View attachment Audison VOCE Product info.pdf


----------



## o27

Thanks for the pdf. - already found it, but I´m more interessted in actual user experience, as the set is actually really nice pricewise here in Denmark.

So if it´s any good, they would be a steal.


----------



## JHolmes

So, if I read the PDF correctly. The Voce's can be run as a combo passive/active? Ie: 4 channels, 2 to the 6 1/2's, 2 to the 3 inch and tweet using the passive x-over?


----------



## xylene

I listened to the Voce AV 6.5 components today up against the new high energy HV 165's, using the same arc audio 4080xxd amp and JVC KD-A815 that I use. (I also really wanted to hear them up against the HV 165xl's as they both use a 28mm tweet but they didn't have any in stock.)

The Voce's are more studio quality speakers.
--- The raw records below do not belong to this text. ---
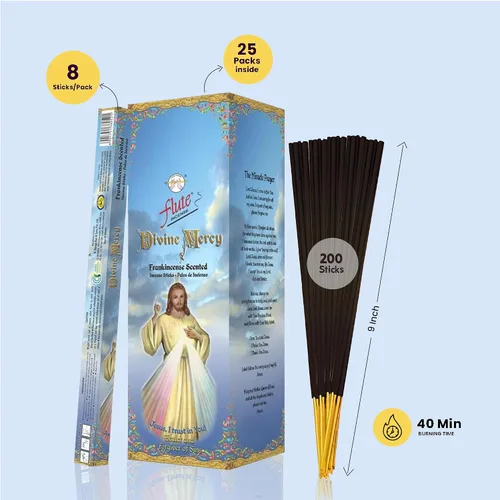 Miniatura 2 de Flute Varillas de incienso cristiano Divine Mercy – Incienso católico y de oración para iglesia y adoración santa – 8 varillas/paquete, 25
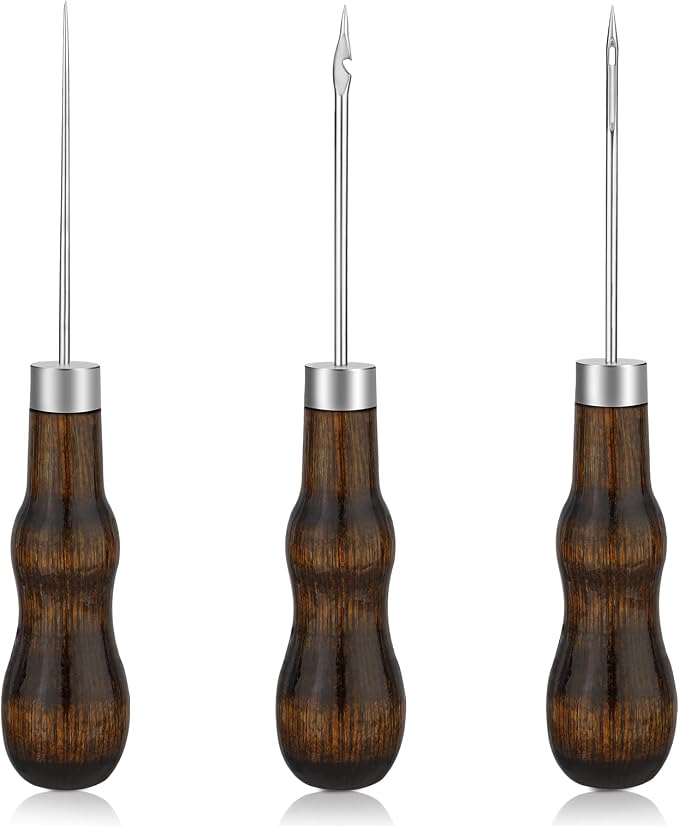 ZXIIXZ 3 Pcs Sewing Awls, Leather Scratch Hollow Hook Awl Tool Kit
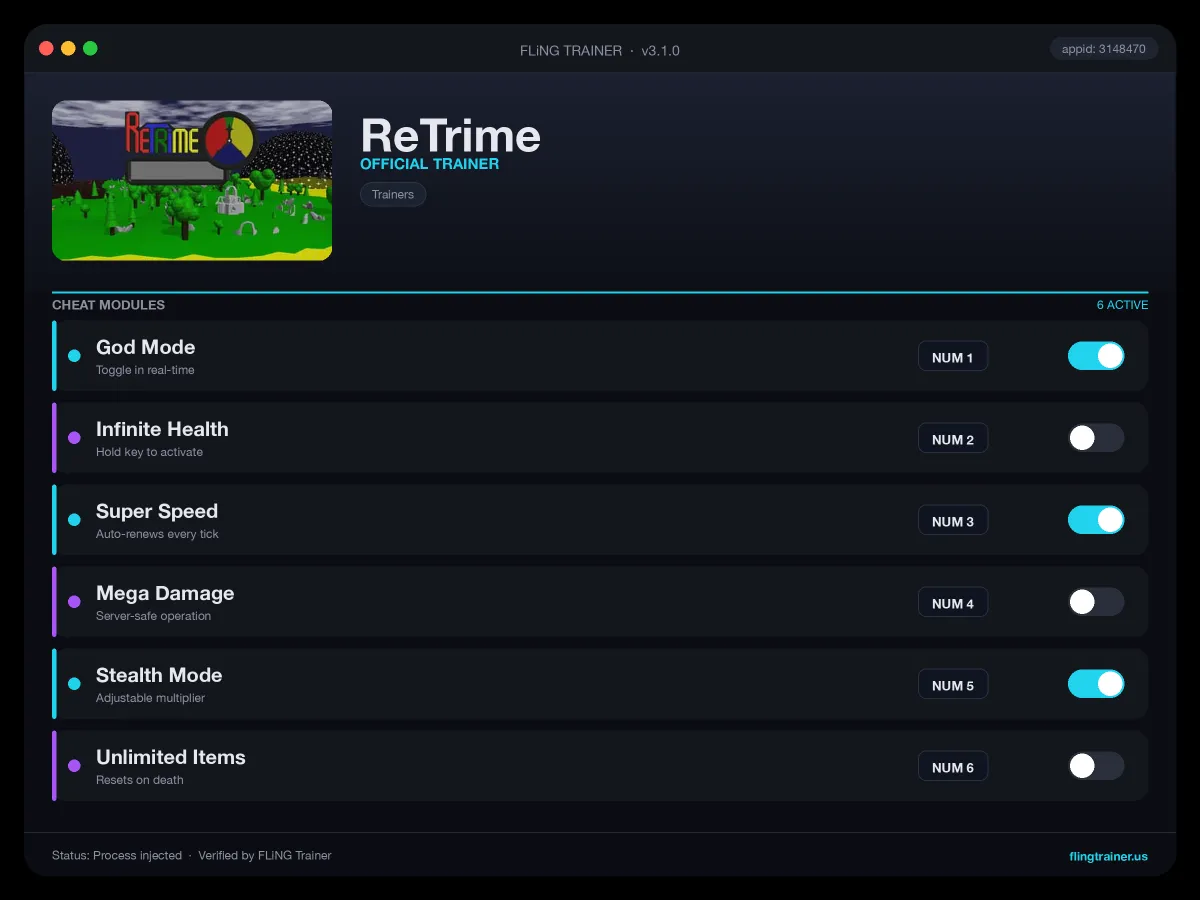 ReTrime Trainer interface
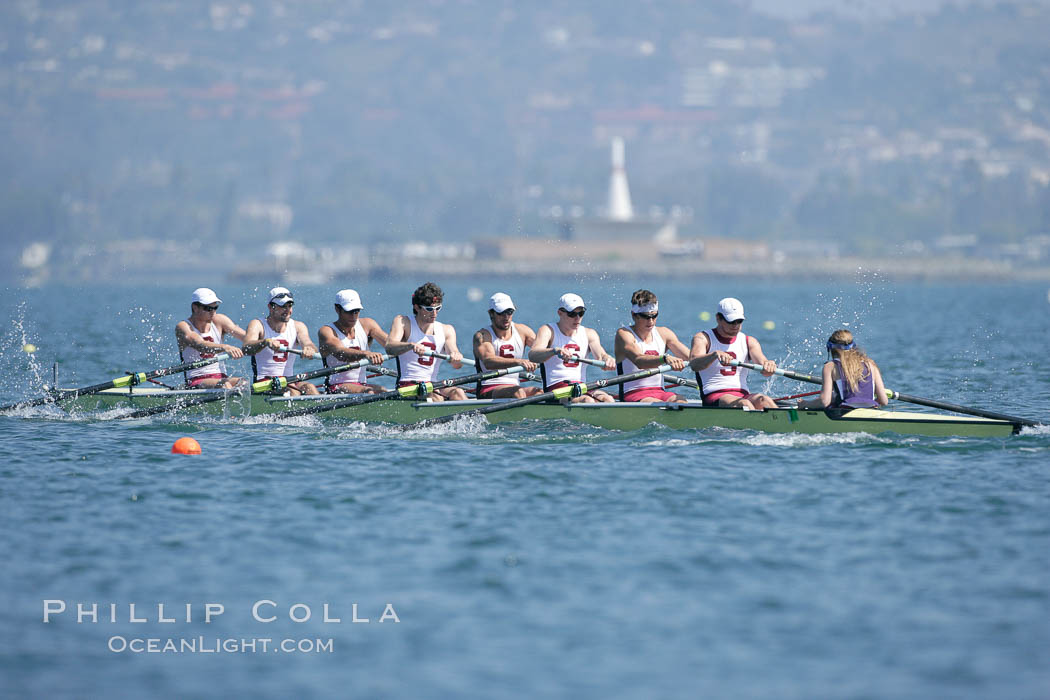 Stanford men en route to winning the Copley Cup, 2007 San Diego Crew Classic. Mission Bay, California, USA, natural history stock photograph, photo id 18685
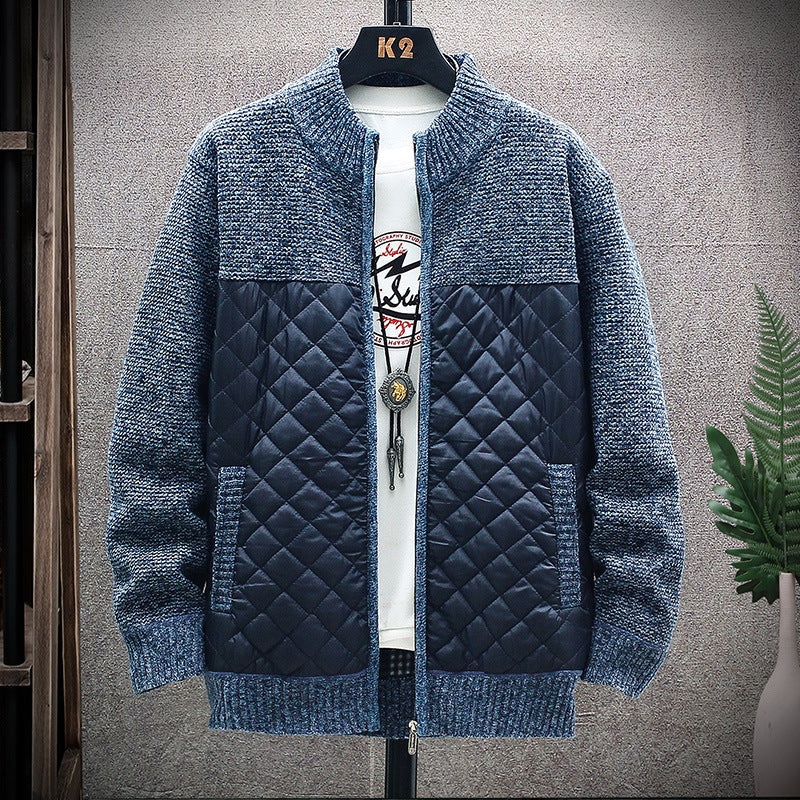 Plush and thick stitched sweater jacket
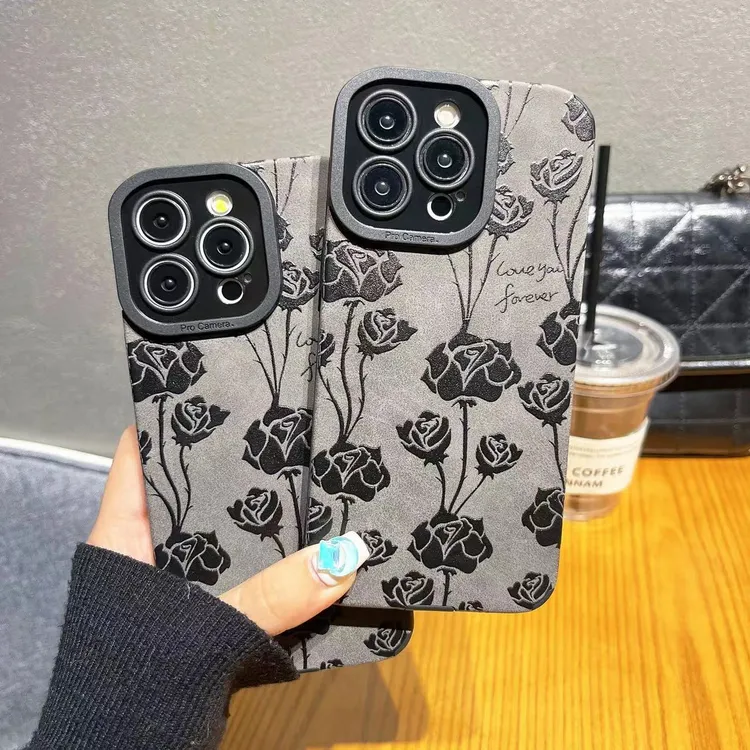 新款黑玫瑰苹果15promax手机壳iPhone14pro高级13防摔12潮牌11软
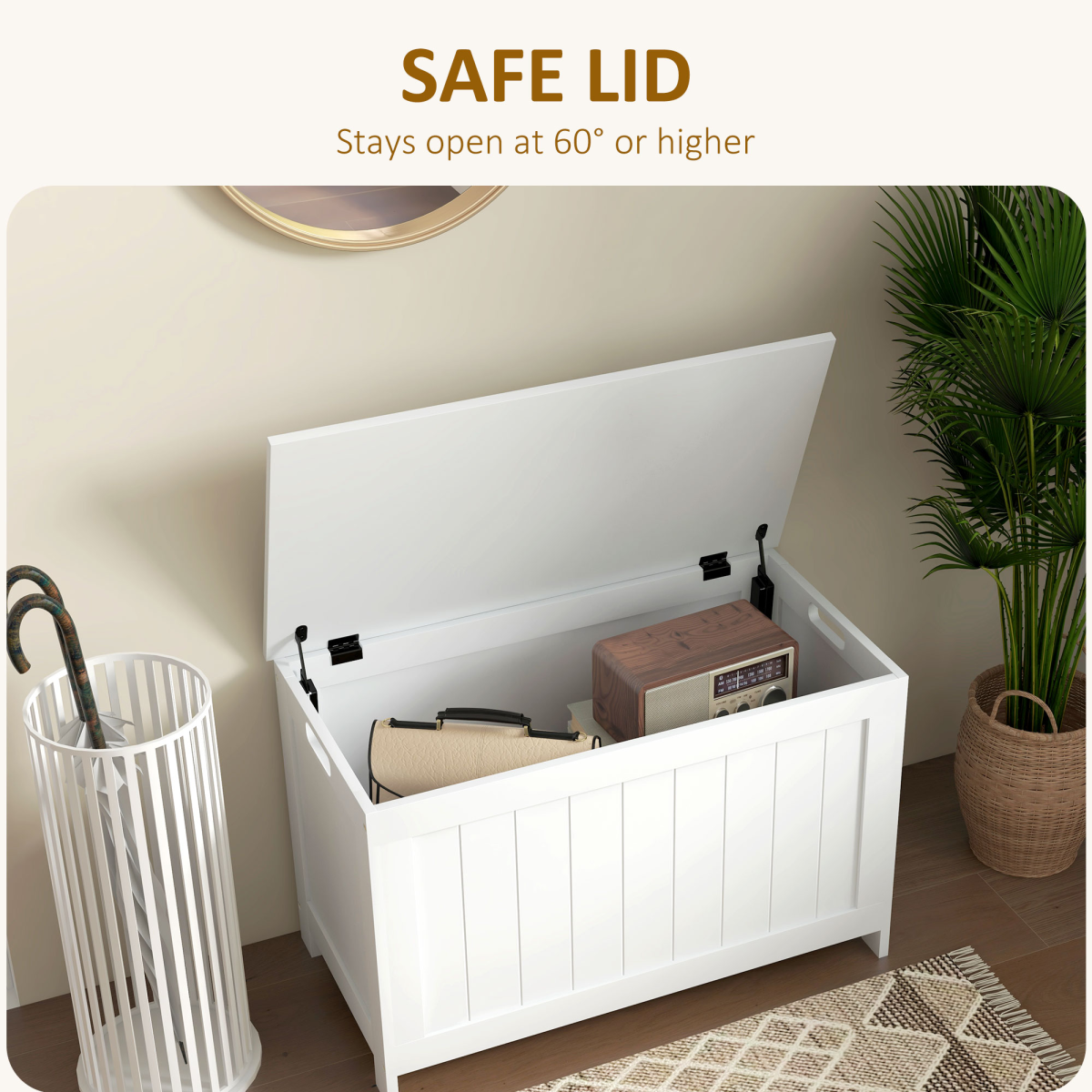 HOMCOM Storage Chest with 2 Safety Hinges, Storage Bench for Living Room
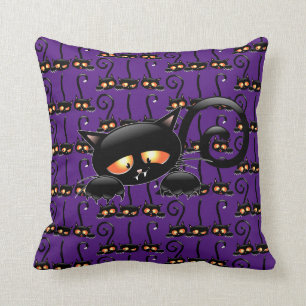 Cojín Decorativo Gato negro espeluznante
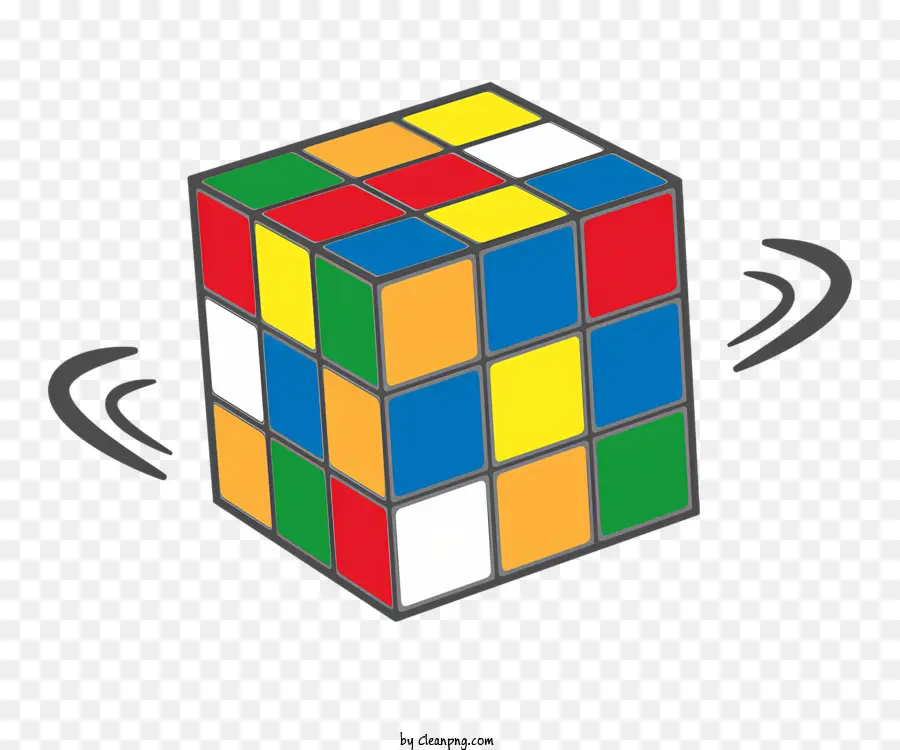 Icon Rubik's Cube 3D Cube Colored Puzzle Cube Rubik's Cube Art - Computergenerierter 3D-Rubik-Würfel auf schwarzem Hintergrund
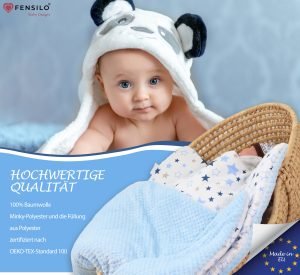 Baby Mulltücher; Mullwindeln; Spucktücher; fensilo; mulltücher baby; mulltücher baby mädchen; spucktücher baby; spucktücher baby mädchen; spucktuch junge; Fensilo baby; Fensilo baby blanket; blanket; baby blanket; newborn; object; knitted; top view; Fensilo.com; white blanket; white; background; beautiful; indoors; sheet; cover; fabric; wash; cushion; bed; polyester; satin; protection; swaddle blanket; comfortable; cotton; hypoallergenic; cute; design; washable; warm; comfy; care; soft; bedroom; set; size; crib; baby crib; outdoor; playground; vacation; park; sleep; colorful; breathable; layers; 2 layers; premium; materials; premium materials; high-quality; quality; unisex; 70cmx100xcm; soft blanket; blue with gray stars;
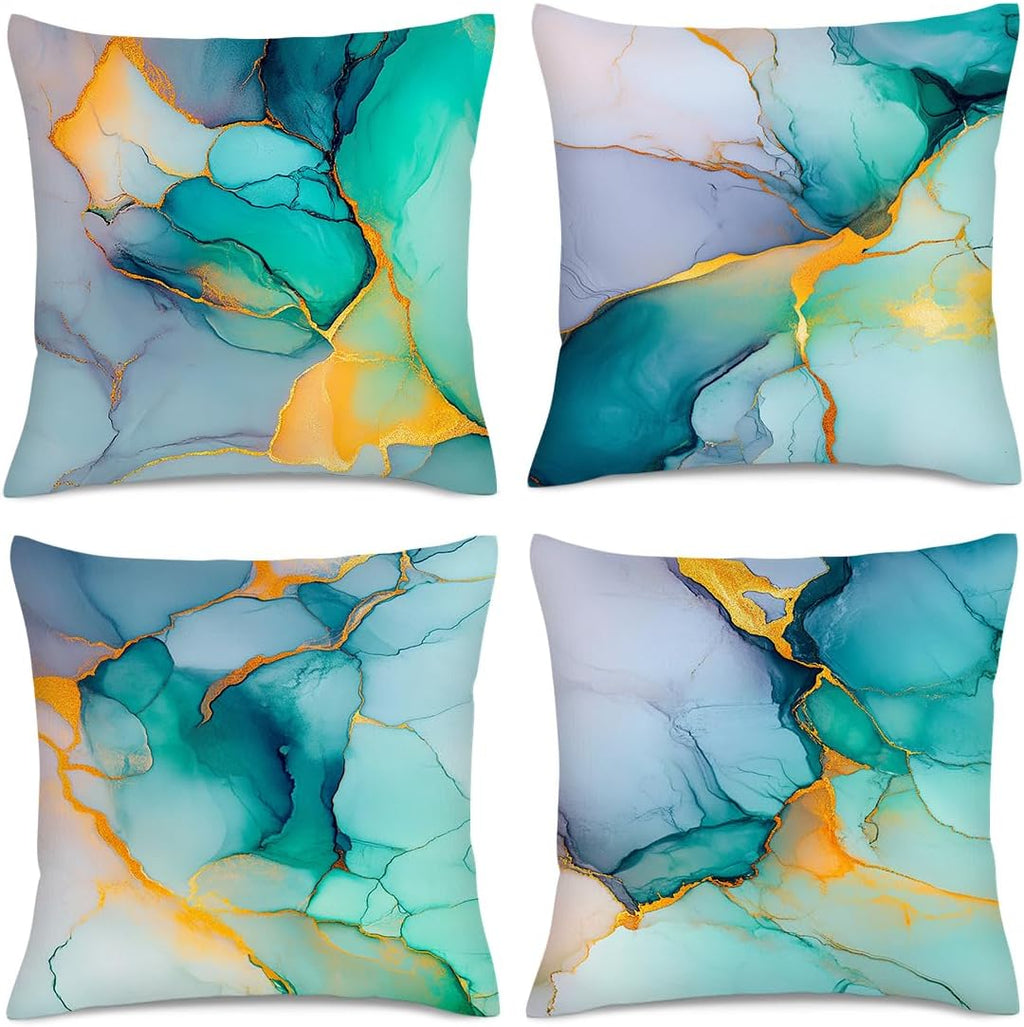 Marble Texture Turquoise Decorative Throw Pillow Covers Teal Gold Pillow Cases for Couch Sofa Chair Livingroom Bedroom Set of 4 18x18 Inch Abstract Modern Cushion Cover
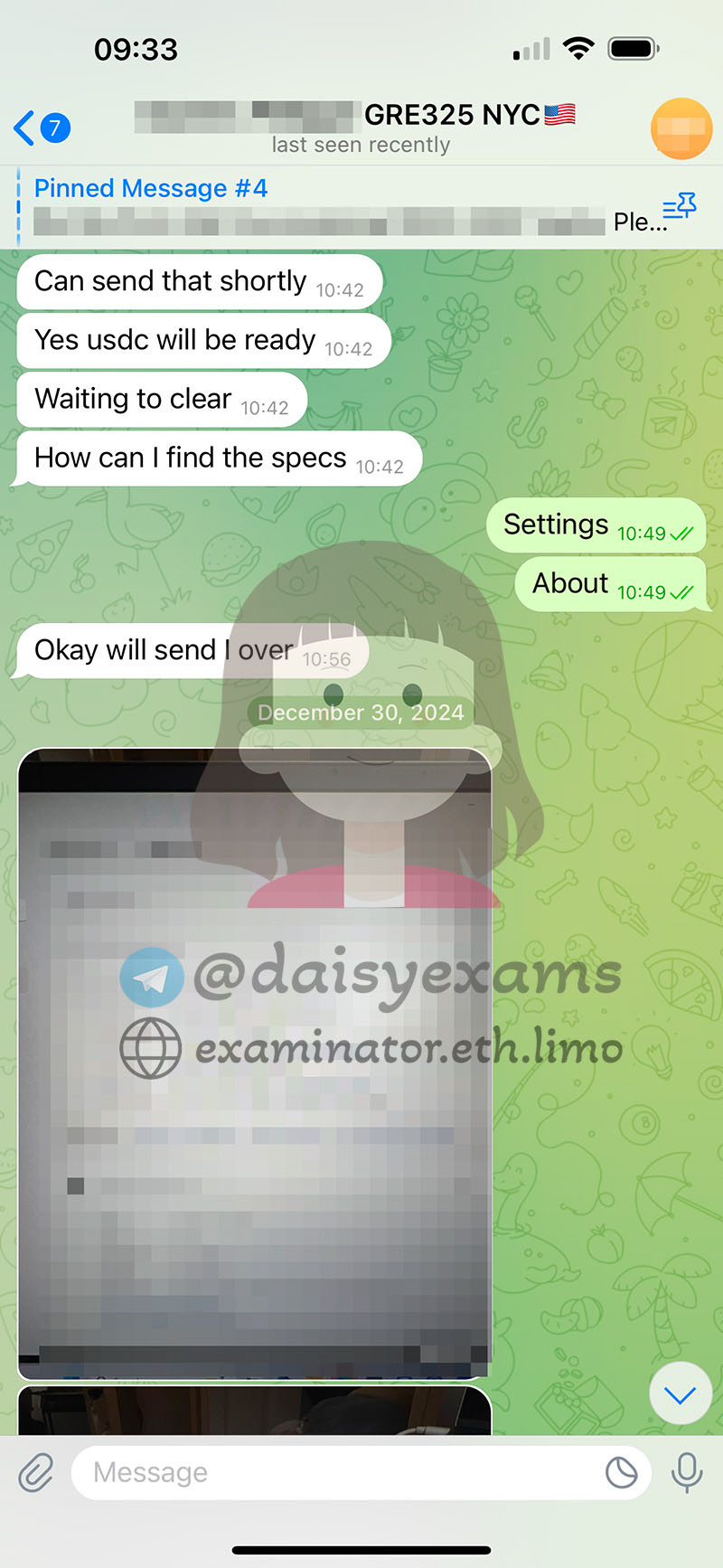 screenshot of chat logs for GRE Cheating success story #691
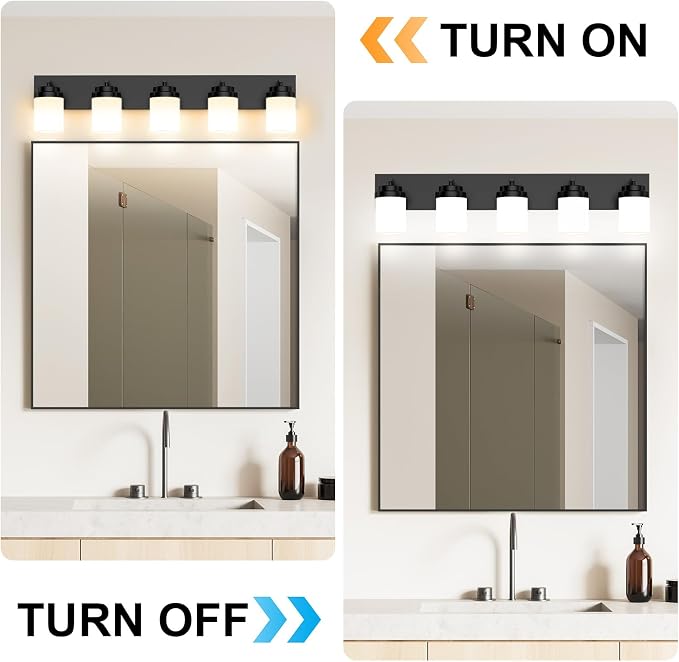IZORRO Bathroom Vanity Light Fixture, 5-Light 36 Inch Matte Black Bathroom - Image 4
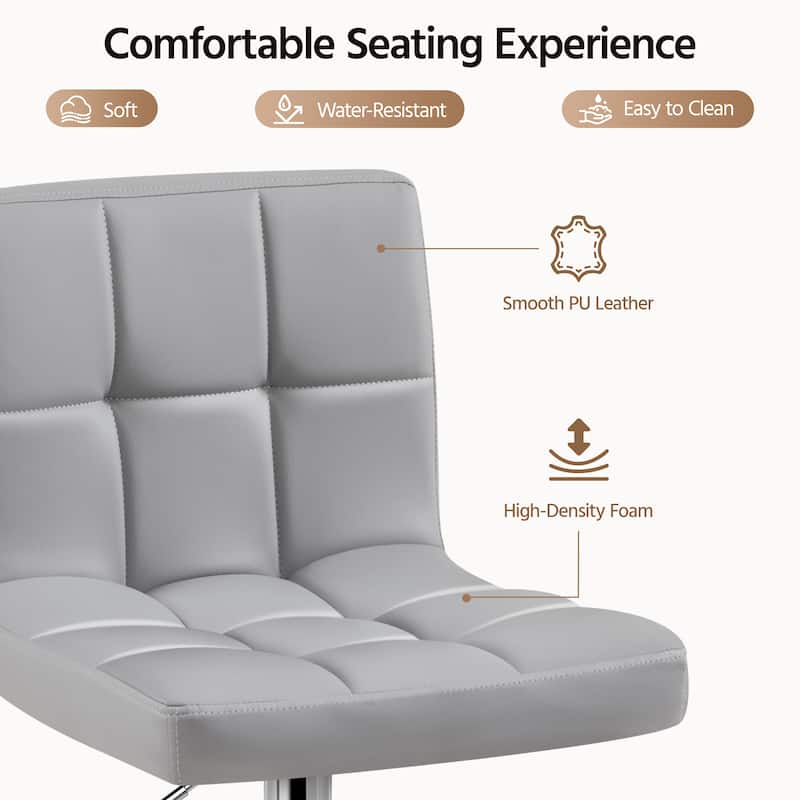 Yaheetech 2pcs Adjustable Modern Faux Leather Swivel Bar Chairs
The voce's create a much flatter extremely balanced sound with a much cleaner clear midrange. They show how the HV 165's HT25 tweet are more crisp with vocals more in your face. 

The dealer had called electromedia for some more info on the AV1.1 tweet. They said the same designer of the HT28 created the AV1.1, but the HT28 still is much more up front, as it is more efficient. They suggest the AV1.1 is perfect for smaller car environments. 

Anyway during the conversation, the electromedia rep stated that the Mille line is now over and the Thesis line will take its place.


----------



## stream

xylene,
What about differences in bass responce between these two?


----------



## Accordman

stream said:


> xylene,
> What about differences in bass responce between these two?


the mid is alot more mellow then the high energy


----------



## xylene

stream said:


> xylene,
> What about differences in bass responce between these two?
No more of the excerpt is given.